Scottish Sport History   






Southern Drift
On the almost empty border between Scotland and England there is no sense of a vortex either to the south or north. Yet it is there, drawing, drawing southwards and, although in footballing terms it is now far weaker than it was, for a hundred years or so it proved almost irresistible in terms of both talented people and original ideas.

It was first obviously felt on 30th November 1872. It might even have been said to have begun eight months earlier on 5th March or eleven days later on 16th March or even two months earlier still on 10th January. The first date is that of the World's first official football international, in Glasgow between Scotland and England. The second was the first time a Scots team, Queen's Park, met an English one, the Wanderers, in again an officially recognised match. The third is that of the final of the first FA Cup. It was the first time in a final at least Englishman played Scot with on the one side and victors the same all-English Wanderers, and on the other the Royal Engineers. At the time the Royal Engineers were recognised for their distinctive style of football, known as “combination play", which was probably a product of their unique combination of mechanical and military off the field transferring onto it. However, there is another possibility. The soldiers had four Scots in the eleven. All were in their early twenties, all forwards, Hugh Mitchell, Henry Renny-Tailyour, Herbert Muirhead and Adam Bogle. The problem is only Bogle was actually born in Scotland, in Glasgow. The others were Diasporans. Mitchell and Muirhead were English-born and Renny-Tailyour in India. And as for the fourth and final date it is the first time those same part-Scots Royal Engineers were known to play in an official competition in defeating Hitchin away 0-5 in the second round of that same first FA Cup.

But back to 30th November 1872. All the Scotland players were drawn from Glasgow's suburban Queen's Park. All were Scots-born. The club and therefore the team was captained from goal by Robert Gardner. And the team was organised. It was not entirely surprising. Gardner already had organisational form. Against Hamilton Gymnasium in one of the few earlier matches the club and he had taken part in he is said to have handed each of his team-mates a sheet of paper with instructions on how to play. Whether the instructions were technical or positional or both is not known but it is safe to assume that Gardner in one way or another did the same for the international. 
Certainly his team took the field with a formation that was new. The game had traditionally been played with seven individualistic forwards, a roving goalkeeper and a triangle of three defenders between them, either two full-backs and a single half or two halves, left and right, and a single, sweeping back. Gardner changed all that.

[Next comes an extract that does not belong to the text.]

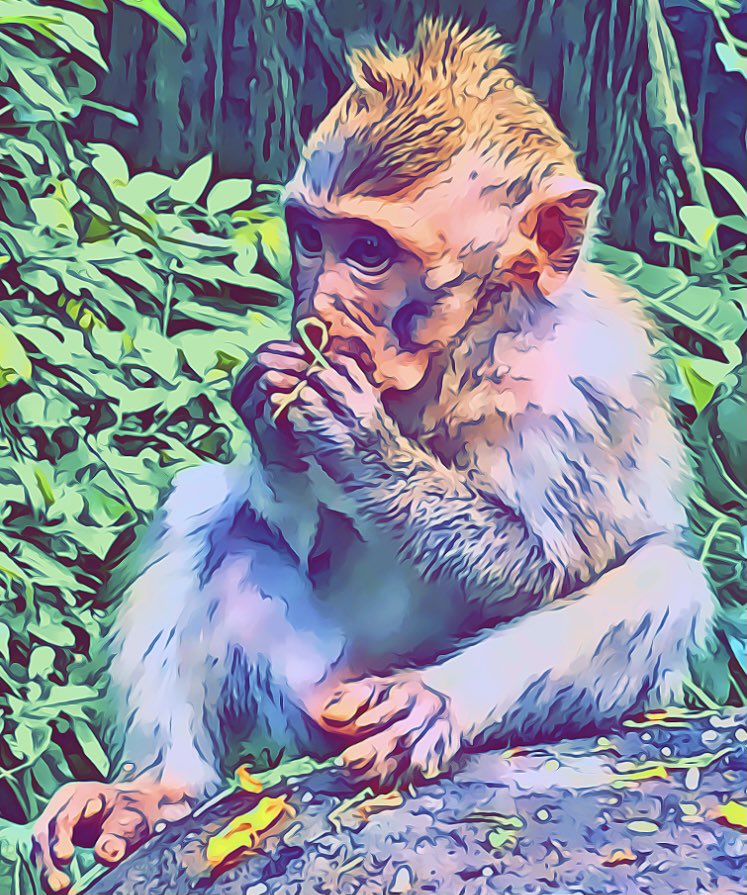 Smithy5092's tweet photo. @NFTcryptoart_ https://t.co/RBclcuLzfQ https://t.co/fHjGNnWnC5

His idea was to play just six forwards, an equal number note, and four defenders arranged as two backs, left and right and two halves in front of them arranged as a box-four. The formation allowed the box to contract under sustained English pressure and expand in attack. Scotland had not just built a team from the back. It had also “parked the bus” and formalised counter-attack. And there was to be a fourth innovation that day. Gardner had been offered the free use of the larger Glasgow Academicals' rugby ground close to present-day Ibrox. He turned it down and instead agreed to pay for the use of the smaller West of Scotland cricket ground in Partick, where it is still to be found. One explanation is that the rugby pitch was like the public school football pitches that the English team was used to. On the other hand the cricket ground was smaller, squarer and much more like the park spaces that Queen's Park called home, and more so with spectators pressing onto it. In other words Robert Gardner seems to have chosen a surface, this surface, to suit the home team, his team. If so, it was a first example of “doctoring the pitch” in terms not just of location but also of size.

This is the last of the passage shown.